Einen besonderen Punkt möchte ich hier noch anbringen. Dieses Buch ist ja glücklicherweise Fiktion! Die Geschichte spielt in einem Zirkus, der auch Tiere wie Elefanten und Löwen hält. Diese Form der Tierhaltung ist grausam und ich würde sie niemals in irgendeiner Weise unterstützen! Ich möchte euch darauf aufmerksam machen, dass Tierhaltung im Zirkus etwas schreckliches ist! Informiert euch!!!

Der Schreibstil ist absolut makellos. Die Geschichte ist klasse geschrieben und obwohl sie leicht zu lesen ist fand ich keine einzige Stelle zu umgangssprachlich oder zu holprig. Die Sprechweise wurde super an die Charaktere angepasst und der Wechsel zwischen den verschiedenen Sprachen ist gelungen.

Der Schluss ist in mancher Hinsicht keine große Überraschung, aber dennoch hält er die ein oder andere Wende bereit, die man so nicht erwartet. Es ist auf jeden Fall ein sehr schönes und gelungenes Ende. Eine Fortsetzung wäre möglich. Ich jedenfalls würde mich freuen.

Zusammengefasst konnte mich dieser Impress-Titel absolut begeistern.
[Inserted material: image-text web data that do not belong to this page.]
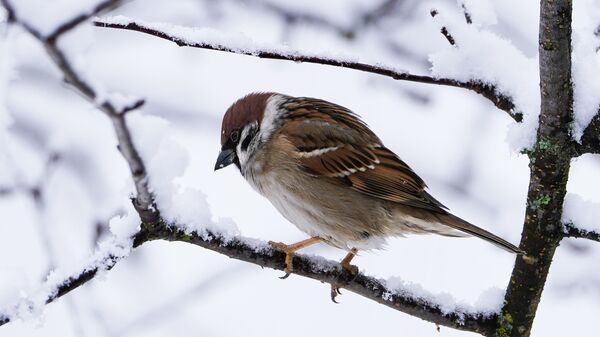 Воробей сидит на ветке дерева  - Sputnik Беларусь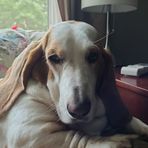 Maria Crowell - Facebook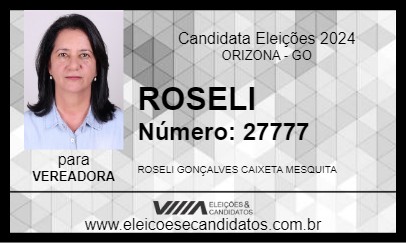 Candidato ROSELI 2024 - ORIZONA - Eleições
Er ist spannend und ein wenig unheimlich, womit er den Leser von der ersten bis zur letzten Seite in seinen Bann ziehen kann. Die Geschichte ist durchdacht, manche Wiederholungen waren jedoch zu viel und die ein oder andere Reaktion fand ich ein wenig unrealistisch. Das holen der tolle Schreibstil und ein schöner Schluss aber wieder raus. Was mir besonders gut gefallen hat war die Entfernung von der üblichen Schwarz-Weiß Malerei. Von mir gibt es deswegen 4 1/2 von 5 Budgies



Hannah Siebern, geboren 1986 in Münster,
studiert Pädagogik an der TU Dortmund und arbeitet ambulant bei einem Träger der Jugendfürsorge. 2011 veröffentlichte sie ihren ersten Fantasyroman, aus dem inzwischen eine 5-teilige Serie geworden ist. Die meisten ihrer Romane sind auf der Zugfahrt zur Uni entstanden, daher fürchtet sie sich jetzt schon davor eine Schreibblockade zu bekommen, sobald sie das Studium beendet hat. Zur Not muss dann ein neuer Grund fürs Zugfahren gefunden werden.